[Short web captions]
++++++++++++++++++++
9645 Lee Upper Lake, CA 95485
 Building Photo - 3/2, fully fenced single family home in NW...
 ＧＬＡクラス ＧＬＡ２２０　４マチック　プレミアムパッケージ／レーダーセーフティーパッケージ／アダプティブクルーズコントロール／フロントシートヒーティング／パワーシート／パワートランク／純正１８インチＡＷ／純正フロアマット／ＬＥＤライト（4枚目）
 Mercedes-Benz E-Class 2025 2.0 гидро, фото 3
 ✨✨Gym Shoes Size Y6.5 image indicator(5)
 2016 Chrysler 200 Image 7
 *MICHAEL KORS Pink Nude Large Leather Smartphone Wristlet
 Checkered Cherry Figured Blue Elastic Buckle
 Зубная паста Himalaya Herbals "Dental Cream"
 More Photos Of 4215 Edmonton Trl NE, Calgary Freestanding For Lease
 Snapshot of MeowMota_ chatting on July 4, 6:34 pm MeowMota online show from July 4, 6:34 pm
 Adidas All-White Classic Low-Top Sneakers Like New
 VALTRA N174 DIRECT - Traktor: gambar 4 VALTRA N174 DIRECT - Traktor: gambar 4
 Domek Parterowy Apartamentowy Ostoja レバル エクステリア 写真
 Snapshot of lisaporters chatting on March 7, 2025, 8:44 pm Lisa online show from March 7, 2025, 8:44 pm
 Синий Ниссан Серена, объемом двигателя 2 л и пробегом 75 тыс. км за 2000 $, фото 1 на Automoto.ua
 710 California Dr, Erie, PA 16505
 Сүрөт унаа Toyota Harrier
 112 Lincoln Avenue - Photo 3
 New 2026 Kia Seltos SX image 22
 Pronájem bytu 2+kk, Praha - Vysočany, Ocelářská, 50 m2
++++++++++++++++++++
* WHAT YOU ARE ASKED TO DO
Give back the data above word for word.

* OUTPUT OF THE TASK
9645 Lee Upper Lake, CA 95485
 Building Photo - 3/2, fully fenced single family home in NW...
 ＧＬＡクラス ＧＬＡ２２０　４マチック　プレミアムパッケージ／レーダーセーフティーパッケージ／アダプティブクルーズコントロール／フロントシートヒーティング／パワーシート／パワートランク／純正１８インチＡＷ／純正フロアマット／ＬＥＤライト（4枚目）
 Mercedes-Benz E-Class 2025 2.0 гидро, фото 3
 ✨✨Gym Shoes Size Y6.5 image indicator(5)
 2016 Chrysler 200 Image 7
 *MICHAEL KORS Pink Nude Large Leather Smartphone Wristlet
 Checkered Cherry Figured Blue Elastic Buckle
 Зубная паста Himalaya Herbals "Dental Cream"
 More Photos Of 4215 Edmonton Trl NE, Calgary Freestanding For Lease
 Snapshot of MeowMota_ chatting on July 4, 6:34 pm MeowMota online show from July 4, 6:34 pm
 Adidas All-White Classic Low-Top Sneakers Like New
 VALTRA N174 DIRECT - Traktor: gambar 4 VALTRA N174 DIRECT - Traktor: gambar 4
 Domek Parterowy Apartamentowy Ostoja レバル エクステリア 写真
 Snapshot of lisaporters chatting on March 7, 2025, 8:44 pm Lisa online show from March 7, 2025, 8:44 pm
 Синий Ниссан Серена, объемом двигателя 2 л и пробегом 75 тыс. км за 2000 $, фото 1 на Automoto.ua
 710 California Dr, Erie, PA 16505
 Сүрөт унаа Toyota Harrier
 112 Lincoln Avenue - Photo 3
 New 2026 Kia Seltos SX image 22
 Pronájem bytu 2+kk, Praha - Vysočany, Ocelářská, 50 m2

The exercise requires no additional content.